En effet, si la tâche n’était déjà pas aisée, le développement du travail hybride l’a corsé un peu plus. Alors que les salariés français ont (largement) démontré leur efficacité en télétravail, il n’en reste pas moins que diriger une équipe à distance nécessite de nouvelles compétences, voire une nouvelle approche.  

La fin du règne du contrôle  ? 

«  Le principe de contrôle et de suspicion est séculaire : l’essor des espaces de travail a été poussé en partie par la crainte des vols de matière première, mentionne Delphine Minchella, docteur en sciences de gestion et enseignant-chercheur à l’Ecole de Management de Normandie/Métis Lab. Cependant, en marge du premier confinement et la massification du télétravail qui en est issu, les managers en entreprise ont été nombreux à avoir recours à des dispositifs de contrôle de leurs salariés », prolonge-t-elle.

Le principe de contrôle et de suspicion est séculaire.

Par conséquent, «  les salariés peuvent avoir le sentiment d'être acculés dans leur organisation du travail  », indique Diana Naït-Belkacem, alors même que le télétravail ouvre la possibilité de fonctionner de manière asynchrone et d’accorder du temps dans la journée à d’autres activités personnelles. «  Cela pose la question de comment manifester qu’on est à la tâche sans la présence physique pour en attester  », pose la consultante de JLL Work Dynamics. 

Le management doit notamment appréhender les nouveaux outils de communication, tout en prenant conscience des limites à avoir. «  On constate dans plusieurs travaux académiques qu’il existe un stress occasionné spécifiquement par la communication multimodale. Le mail n’est plus le principal outil de communication, et les applications de messagerie instantanée suggère que le salarié doit être disponible à tout moment, car si on ne répond pas tout de suite, la perception du (mauvais) manager est que son subordonné ne travaille pas  », expose Delphine Minchella. 

En sortant d’un modèle par le contrôle permanent, l’enseignant-chercheur met en garde de ne pas troquer un mode de direction par l’objectif contre l’abandon du middle management. «  Un manager doit être en mesure de veiller quotidiennement au bien-être de ses subalternes et être présent pour les accompagner dans leurs difficultés. Il n’est pas souhaitable que les structures managériales se bornent à vérifier le travail accompli en laissant de côté cet aspect relationnel  », raisonne-t-elle. 

Changer de modèle 

Une autre limite du management dans la mise en œuvre du travail hybride se trouve dans les structures multidivisionnelles, à la suite de la généralisation des organisations en mode projet. Dans ce type de configurations, le collaborateur va dépendre de plusieurs directions en même temps et ainsi obéir à plusieurs injonctions en même temps. «  Dans ce cas qui chapeaute l’ensemble pour s’assurer que ce qui est demandé est soutenable en termes de rythme  ?  », interroge Delphine Minchella. 
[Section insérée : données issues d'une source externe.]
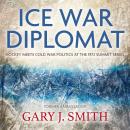 Ice War Diplomat: Hockey Meets Cold War Politics at the 1972 Summit Series Audiobook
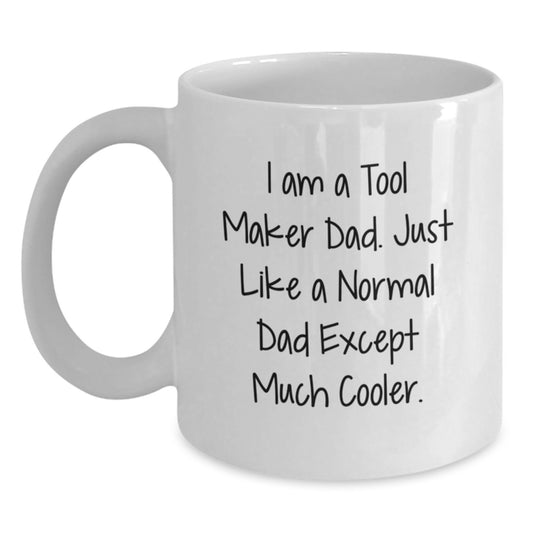 Funny Tool Maker Dad Gifts for Him, White Coffee Mug from Friends, Make His Birthday Unique, 'I Am A Tool Maker Dad' - Main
Il est aberrant de mettre à disposition des salariés une salle de sieste s’il est clair qu’'utiliser cet espace sera interprété comme un signe de paresse.

Quant à la présence au bureau, le manager doit aussi accompagner le changement dans la manière d’utiliser les espaces. « Il faut une cohérence entre le discours managérial de la direction et les lieux proposés, qui aillent jusqu’à la possibilité d’ouvrir certains, tels que les salles de sport ou les espaces de restauration, à l’extérieur  », appelle Diana Naït-Belkacem. 

Ainsi, la gestion des effectifs dans le contexte hybride nécessite d'être à la fois dans la responsabilisation des équipes et l’octroi d’une autonomie suffisante, tout en se montrant présent. «  Il faut pour cela faire davantage montre d’empathie et être moins dans une forme d’autorité qui était la marque historique du management. Au fond, c’est d'être le manager de la juste mesure, capable de laisser de l’autonomie, de responsabiliser ses équipes et, en même temps, d’aborder plus facilement les questions de souffrances au travail et d’organisation personnelle des salariés  », conclut Diana Naït-Belkacem. Autant de nouvelles compétences qui doivent passer, en bonne partie, par la formation spécifique des managers.